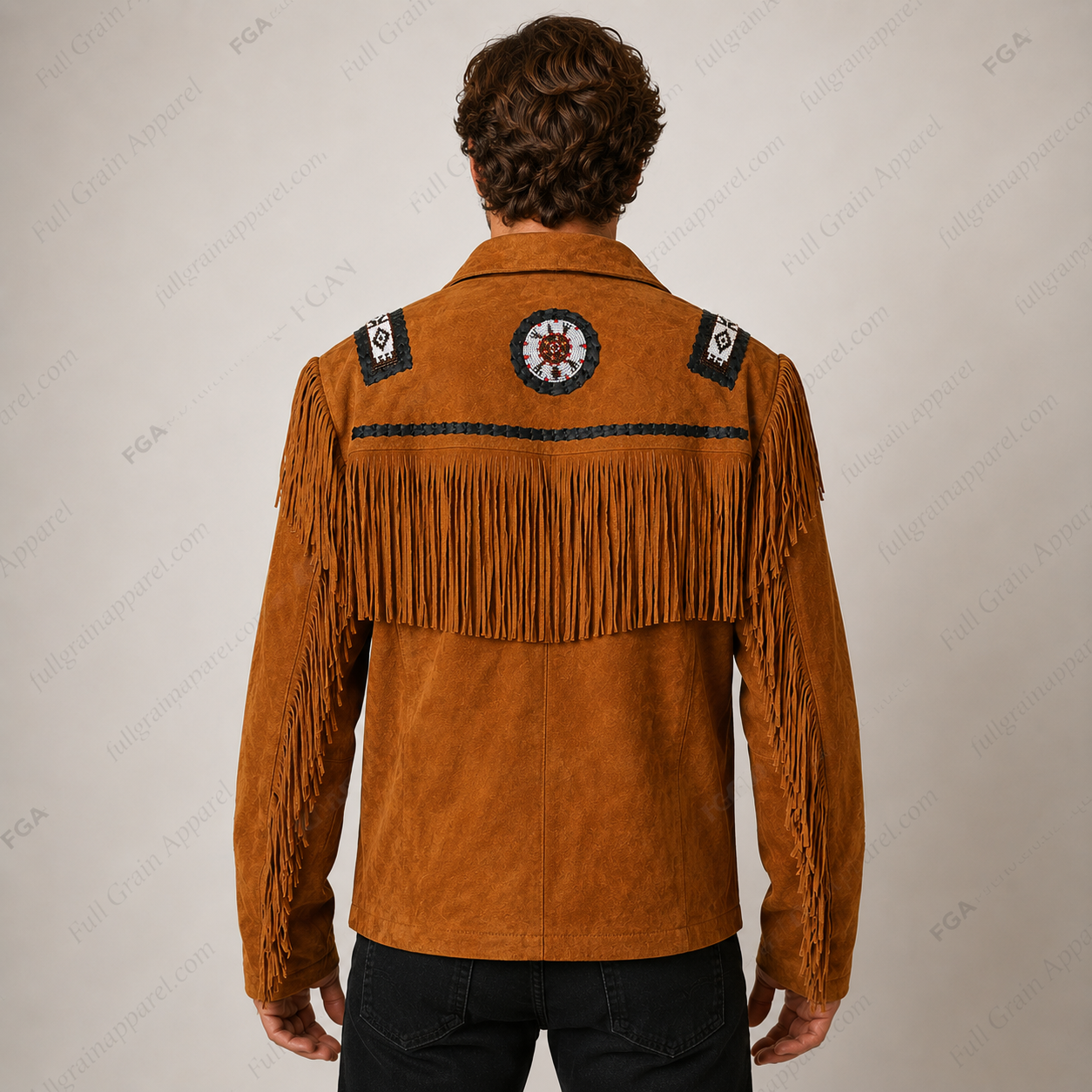 Men's Western Fringe Suede Jacket | Cowboy Heritage | Full Grain Apparel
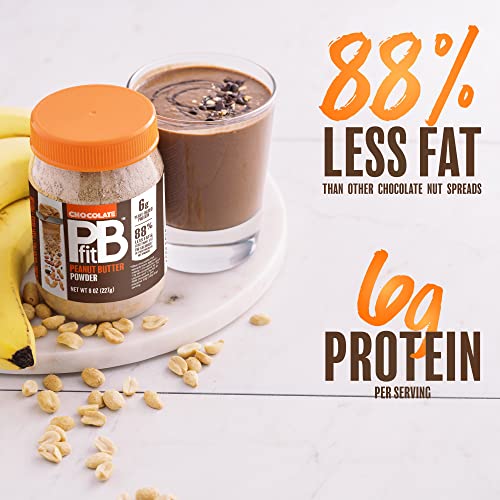 Pbfit Betterbody Foods All-Natural Peanut Butter Powder, Chocolate, 8 Oz #TOP1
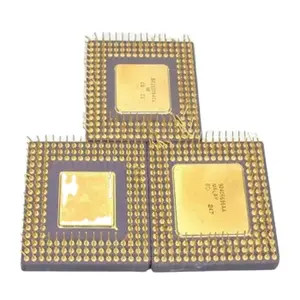 CPU keramik Intel Pentium Pro, kepingan prosesor keramik CPU untuk pemulihan pin emas tersedia di Prancis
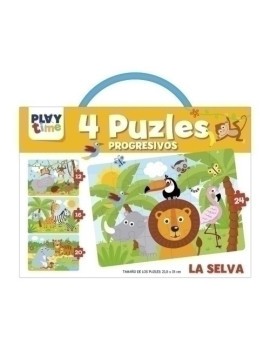 Jgo.Imagiland Playtime Puzles La Selva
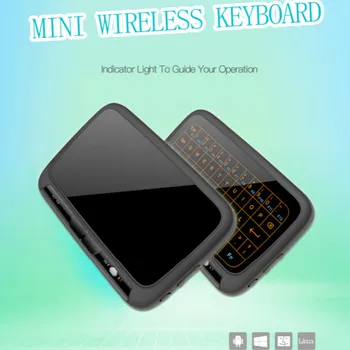 H18+ 2.4 GHz Trei Niveluri De Iluminare Air Mouse Completa Touchpad-Versiunea Reincarcabila Wireless Keyboard Design Simplificat, Keyboard 24910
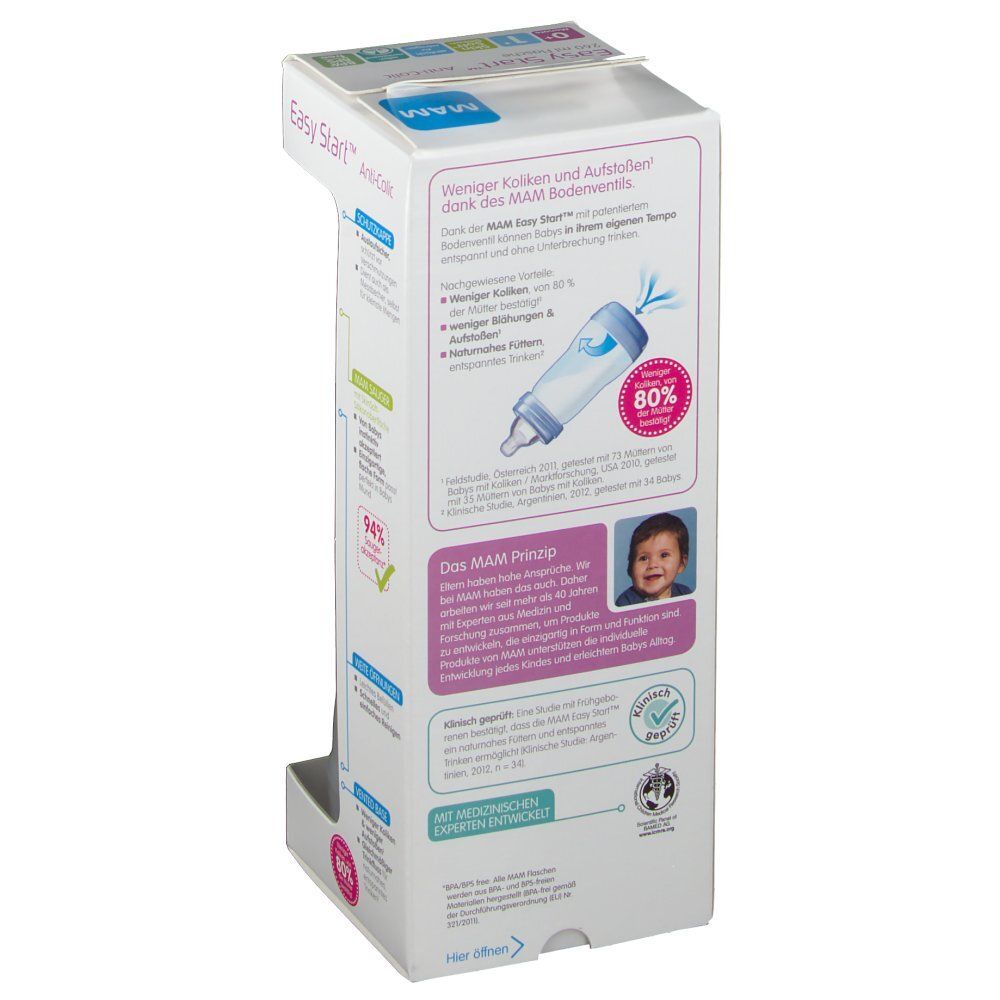 Mam Biberon Anti Colica Unisex 0Mese+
____________
§ WHAT NEEDS TO BE DONE
Would you transcribe all of the data exactly, omitting any pictures?

§ OUTPUT
 Men's Western Fringe Suede Jacket | Cowboy Heritage | Full Grain Apparel
 Pbfit Betterbody Foods All-Natural Peanut Butter Powder, Chocolate, 8 Oz #TOP1
 CPU keramik Intel Pentium Pro, kepingan prosesor keramik CPU untuk pemulihan pin emas tersedia di Prancis
 Jgo.Imagiland Playtime Puzles La Selva
 H18+ 2.4 GHz Trei Niveluri De Iluminare Air Mouse Completa Touchpad-Versiunea Reincarcabila Wireless Keyboard Design Simplificat, Keyboard 24910
 Mam Biberon Anti Colica Unisex 0Mese+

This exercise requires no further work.